Le projet est né avec le “groupe logement” du quartier Querelle (un collectif d’habitant·es qui se mobilise pour le dédommagement des problèmes rencontrés dans leurs appartements). C’est là que Jean-Nicolas, Relais d’Action de Quartier dans les Marolles, a pu mieux connaitre la réalité du territoire. Lors des réunions, un sujet revenait régulièrement sur la table : le sentiment d’insécurité des habitant·es.
« Ce sentiment d’insécurité chez les habitants je le ressentais lorsqu’on discutait du logement. À chaque fois, la question de l’insécurité était présente. Et nous on ne savait pas trop comment la saisir... »

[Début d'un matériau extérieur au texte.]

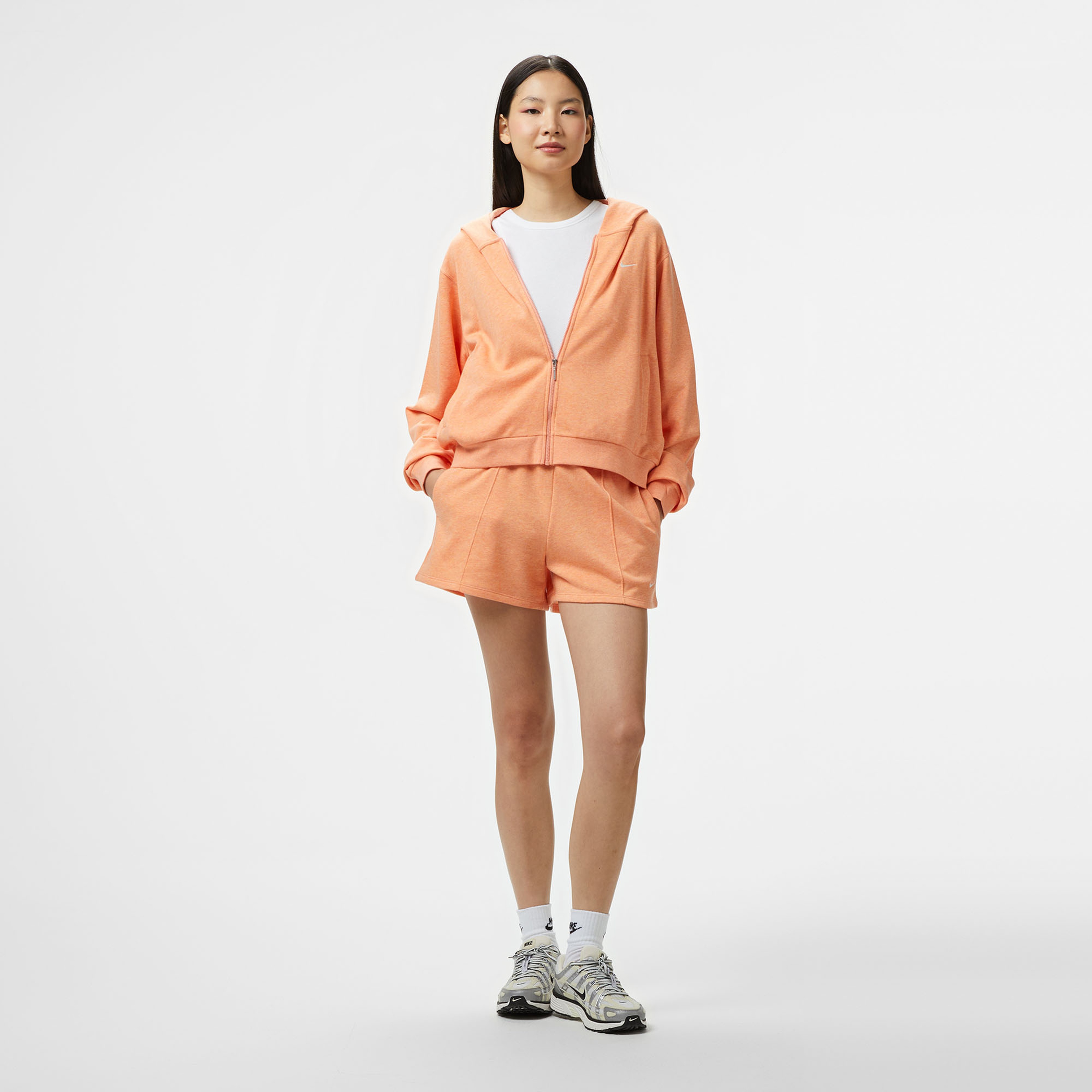 Nike Sportswear Kadın Turuncu Şort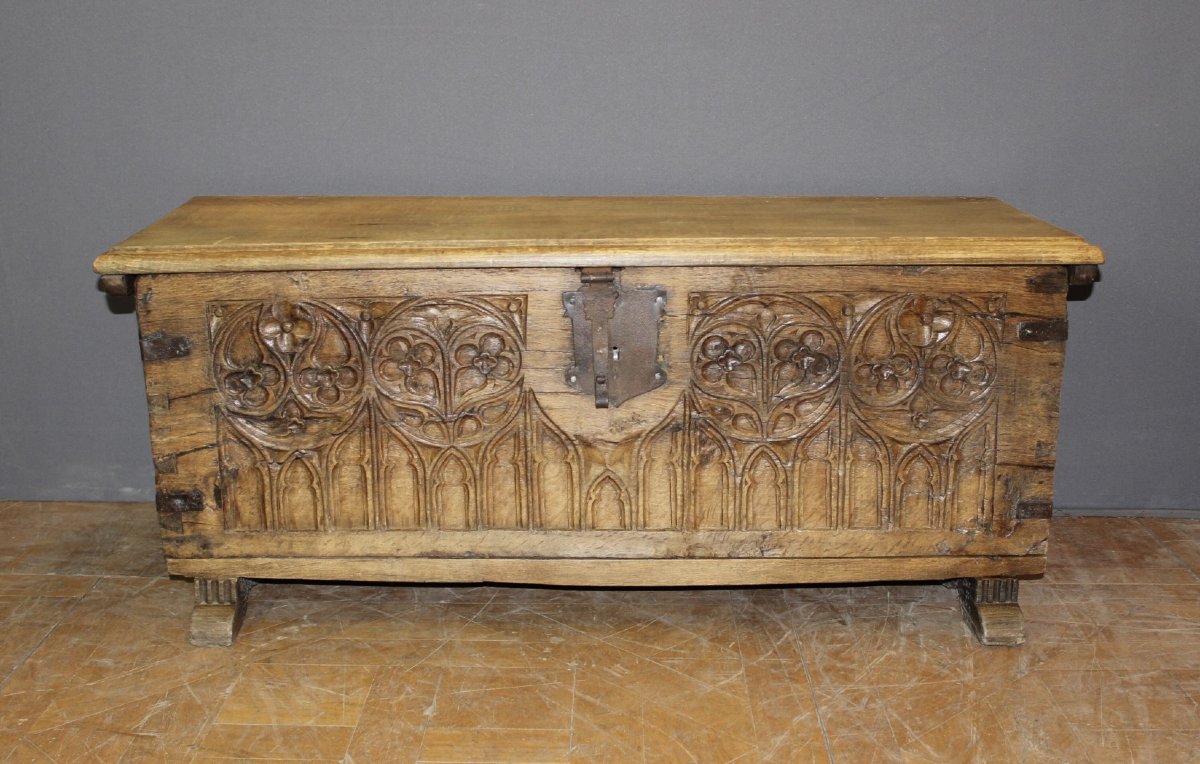 17th-century Gothic Oak Chest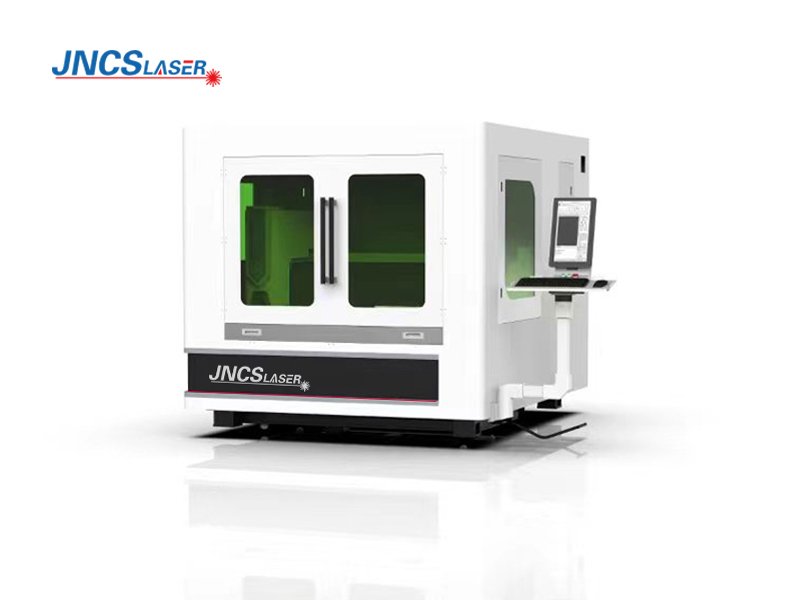 small fiber laser cutting machine with protect cover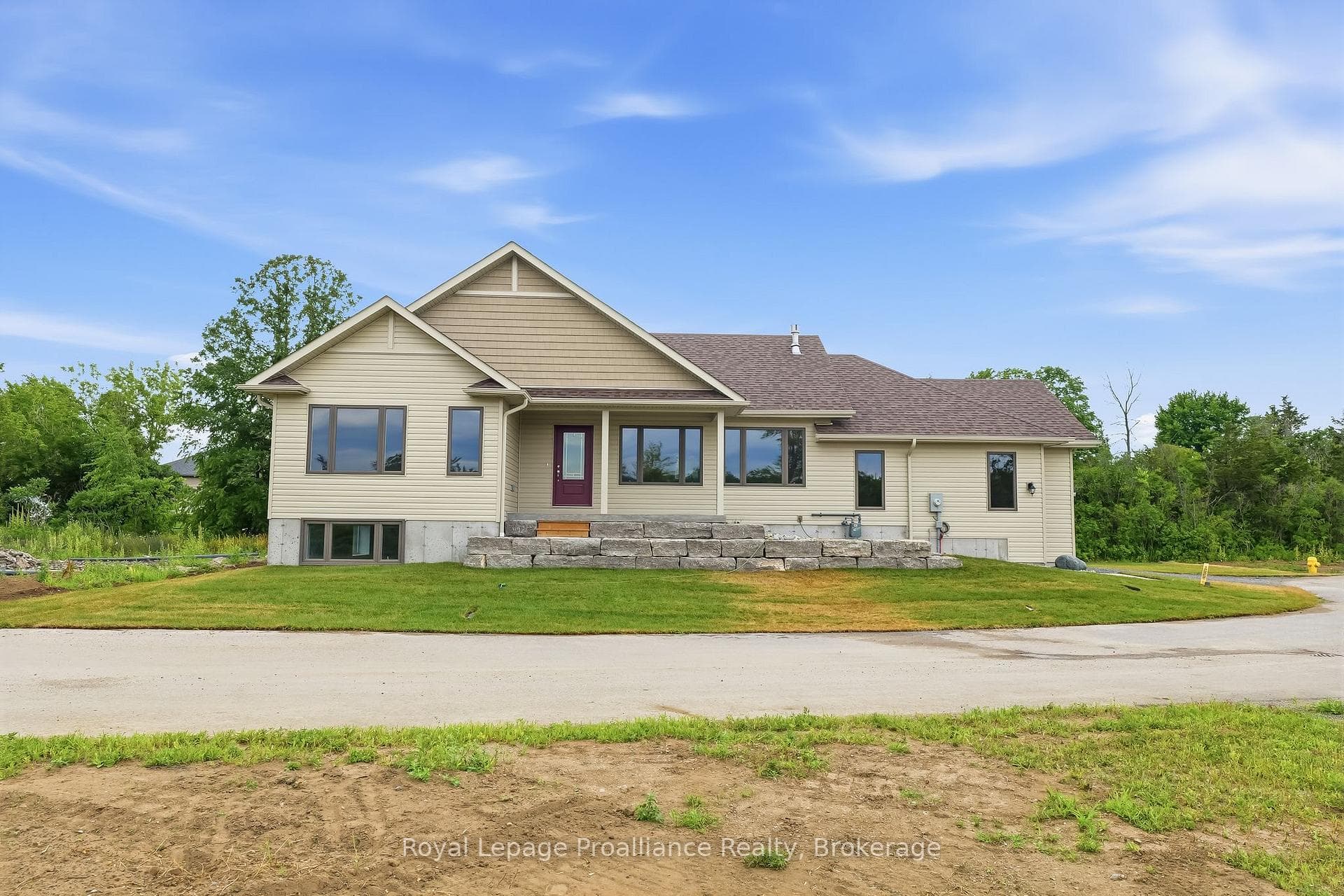 41 River Rapids Road photo 1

Quelques temps plus tard, l’équipe de l’Entraide des Marolles décide, avec l’aval des habitant·es, de répondre à un appel et de construire un projet d’occupation de l’espace public. L'idée de venir tous les mercredis, jeudis et vendredis d’été sur la place au bas des immeubles prend forme. Quant à la méthode, elle correspond à celle du travail communautaire : les projets se construisent collectivement avec ceux et celles qui le souhaitent.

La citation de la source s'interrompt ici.